Sugiro que, antes de escolher uma distro, você se pergunte algumas coisas e defina algumas questões na sua cabeça, para não precisar ficar trocando de distro toda semana:

  1. Qual seu desktop environment favorito?
  2. Você prefere estabilidade ou prefere ter sempre as últimas atualizações dos pacotes? Ou prefere algo no meio?
  3. Qual “base” você quer usar?

Para mim:
(1) testei vários desktops e o meu favorito é o Gnome, por causa do workflow único, completamente diferente dos desktops mais tradicionais;
(2) não preciso ter as últimas atualizações, mas também não quero ficar usando softwares de 2 anos atrás, por isso prefiro um meio termo entre estabilidade e atualidade; e
(3) optei pela base Ubuntu, por ser a mais bem documentada e a mais fácil de achar ajuda (comecei a usar Linux este ano, então ainda preciso de muita ajuda!).

Por isso, tenho usado o Ubuntu com desktop Gnome. Estava no 20.04, mas atualizei para 20.10, pois queria as últimas atualizações do Gnome e dos demais softwares do repositório. Provavelmente, continuarei fazendo upgrade de 6 em 6 meses, e acho que isso é suficiente em termos de “atualidade”, e não compromete muito a estabilidade.

O pessoal tem elogiado bastante o Pop OS (que também atende todos essas posições que embasaram minha escolha), então talvez eu experimente um dia, mas por enquanto o Ubuntu Gnome tem me atendido bem e não tenho sentido mais vontade de ficar trocando de distro. Quando sinto vontade de experimentar alguma distro, uso uma máquina virtual.

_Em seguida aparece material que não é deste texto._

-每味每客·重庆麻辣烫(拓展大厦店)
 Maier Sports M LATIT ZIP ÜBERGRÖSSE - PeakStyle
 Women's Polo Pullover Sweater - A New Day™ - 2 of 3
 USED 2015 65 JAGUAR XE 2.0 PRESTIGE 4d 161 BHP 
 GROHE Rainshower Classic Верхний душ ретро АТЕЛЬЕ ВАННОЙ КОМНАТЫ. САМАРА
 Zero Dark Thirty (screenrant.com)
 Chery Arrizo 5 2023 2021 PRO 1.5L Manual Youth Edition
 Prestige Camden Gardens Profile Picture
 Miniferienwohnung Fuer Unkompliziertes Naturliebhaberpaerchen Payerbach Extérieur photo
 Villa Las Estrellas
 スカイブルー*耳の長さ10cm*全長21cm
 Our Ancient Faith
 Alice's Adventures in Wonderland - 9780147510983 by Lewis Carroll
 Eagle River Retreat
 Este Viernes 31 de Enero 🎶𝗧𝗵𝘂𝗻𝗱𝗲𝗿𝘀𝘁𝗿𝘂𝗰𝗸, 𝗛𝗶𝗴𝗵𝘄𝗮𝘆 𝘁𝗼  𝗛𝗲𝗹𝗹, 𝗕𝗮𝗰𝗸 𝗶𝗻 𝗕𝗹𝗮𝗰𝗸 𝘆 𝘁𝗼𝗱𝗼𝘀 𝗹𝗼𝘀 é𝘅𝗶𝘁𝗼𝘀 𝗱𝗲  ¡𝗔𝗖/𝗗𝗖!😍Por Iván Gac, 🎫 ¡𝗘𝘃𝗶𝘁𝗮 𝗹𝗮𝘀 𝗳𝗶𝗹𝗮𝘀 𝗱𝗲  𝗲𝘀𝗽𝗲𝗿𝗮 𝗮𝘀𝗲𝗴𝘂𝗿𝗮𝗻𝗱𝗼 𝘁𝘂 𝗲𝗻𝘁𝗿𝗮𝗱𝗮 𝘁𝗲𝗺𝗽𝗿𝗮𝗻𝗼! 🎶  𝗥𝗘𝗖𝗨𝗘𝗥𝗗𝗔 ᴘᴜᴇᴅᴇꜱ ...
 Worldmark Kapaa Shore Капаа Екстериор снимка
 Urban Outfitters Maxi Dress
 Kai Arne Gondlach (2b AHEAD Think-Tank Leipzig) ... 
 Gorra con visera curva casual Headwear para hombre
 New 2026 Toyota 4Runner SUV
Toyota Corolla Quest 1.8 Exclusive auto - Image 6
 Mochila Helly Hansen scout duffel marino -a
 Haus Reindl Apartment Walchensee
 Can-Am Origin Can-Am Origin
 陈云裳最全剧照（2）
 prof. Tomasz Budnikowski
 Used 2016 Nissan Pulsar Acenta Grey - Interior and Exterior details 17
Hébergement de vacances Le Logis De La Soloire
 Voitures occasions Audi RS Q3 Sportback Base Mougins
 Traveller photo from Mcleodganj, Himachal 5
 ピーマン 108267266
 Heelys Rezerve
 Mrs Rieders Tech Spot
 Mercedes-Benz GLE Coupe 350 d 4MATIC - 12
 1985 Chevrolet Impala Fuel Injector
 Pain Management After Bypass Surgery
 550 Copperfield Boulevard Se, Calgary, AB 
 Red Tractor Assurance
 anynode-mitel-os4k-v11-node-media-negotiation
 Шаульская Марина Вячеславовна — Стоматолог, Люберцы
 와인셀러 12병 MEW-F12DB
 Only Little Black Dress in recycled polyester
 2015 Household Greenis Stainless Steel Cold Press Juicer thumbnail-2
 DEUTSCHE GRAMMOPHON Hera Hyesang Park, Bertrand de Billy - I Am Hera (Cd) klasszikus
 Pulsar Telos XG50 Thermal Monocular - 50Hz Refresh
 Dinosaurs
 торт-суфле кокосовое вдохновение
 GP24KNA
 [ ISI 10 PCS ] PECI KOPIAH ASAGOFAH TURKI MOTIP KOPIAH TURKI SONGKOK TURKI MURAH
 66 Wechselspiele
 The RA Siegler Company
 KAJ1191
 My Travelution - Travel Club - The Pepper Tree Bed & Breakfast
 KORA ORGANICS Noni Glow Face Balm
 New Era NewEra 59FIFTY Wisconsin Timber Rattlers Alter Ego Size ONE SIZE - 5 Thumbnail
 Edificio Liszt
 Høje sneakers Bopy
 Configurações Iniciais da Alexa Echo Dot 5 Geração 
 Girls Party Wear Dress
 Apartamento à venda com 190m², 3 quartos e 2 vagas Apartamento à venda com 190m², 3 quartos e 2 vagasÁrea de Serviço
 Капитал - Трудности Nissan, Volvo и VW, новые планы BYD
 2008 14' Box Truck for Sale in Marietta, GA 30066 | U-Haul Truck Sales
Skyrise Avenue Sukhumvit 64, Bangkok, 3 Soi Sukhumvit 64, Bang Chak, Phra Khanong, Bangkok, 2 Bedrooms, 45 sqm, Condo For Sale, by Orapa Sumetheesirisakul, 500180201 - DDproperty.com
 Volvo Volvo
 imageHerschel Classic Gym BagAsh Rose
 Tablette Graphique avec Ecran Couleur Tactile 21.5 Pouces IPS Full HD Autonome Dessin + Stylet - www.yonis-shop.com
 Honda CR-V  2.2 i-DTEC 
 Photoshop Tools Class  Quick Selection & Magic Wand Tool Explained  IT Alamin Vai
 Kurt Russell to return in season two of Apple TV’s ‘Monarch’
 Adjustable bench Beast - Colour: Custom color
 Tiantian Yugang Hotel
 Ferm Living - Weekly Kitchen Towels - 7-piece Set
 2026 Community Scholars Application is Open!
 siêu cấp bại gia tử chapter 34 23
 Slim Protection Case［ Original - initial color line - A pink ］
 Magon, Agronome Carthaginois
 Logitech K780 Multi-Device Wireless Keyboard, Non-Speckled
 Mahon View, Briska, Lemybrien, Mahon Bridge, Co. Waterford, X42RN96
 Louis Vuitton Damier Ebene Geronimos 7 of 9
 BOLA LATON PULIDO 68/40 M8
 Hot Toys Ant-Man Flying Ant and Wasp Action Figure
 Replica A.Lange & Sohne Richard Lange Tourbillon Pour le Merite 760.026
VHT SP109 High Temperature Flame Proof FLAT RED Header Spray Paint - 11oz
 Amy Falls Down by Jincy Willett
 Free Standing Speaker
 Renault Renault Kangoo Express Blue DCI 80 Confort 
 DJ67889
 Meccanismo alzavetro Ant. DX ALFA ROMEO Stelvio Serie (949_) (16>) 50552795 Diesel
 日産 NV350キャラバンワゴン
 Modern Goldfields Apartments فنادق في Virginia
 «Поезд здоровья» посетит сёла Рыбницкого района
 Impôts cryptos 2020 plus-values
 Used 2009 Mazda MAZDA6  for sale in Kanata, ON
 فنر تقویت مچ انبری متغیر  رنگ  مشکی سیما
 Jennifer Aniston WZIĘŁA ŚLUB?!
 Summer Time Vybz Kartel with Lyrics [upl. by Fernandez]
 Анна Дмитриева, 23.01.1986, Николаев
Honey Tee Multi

Mas eu fiz algumas customizações no Ubuntu Gnome, para me atender melhor: configurei a dock do Ubuntu para se auto-ocultar e também para auto-ajustar seu comprimento (assim ela fica com um comportamento bem parecido com o do dash do Gnome padrão); e troquei o Nautilus (file manager padrão do Gnome) pelo Nemo (que é o file manager do Linux Mint Cinnamon), pois acho o Nemo mais configurável e menos bugado.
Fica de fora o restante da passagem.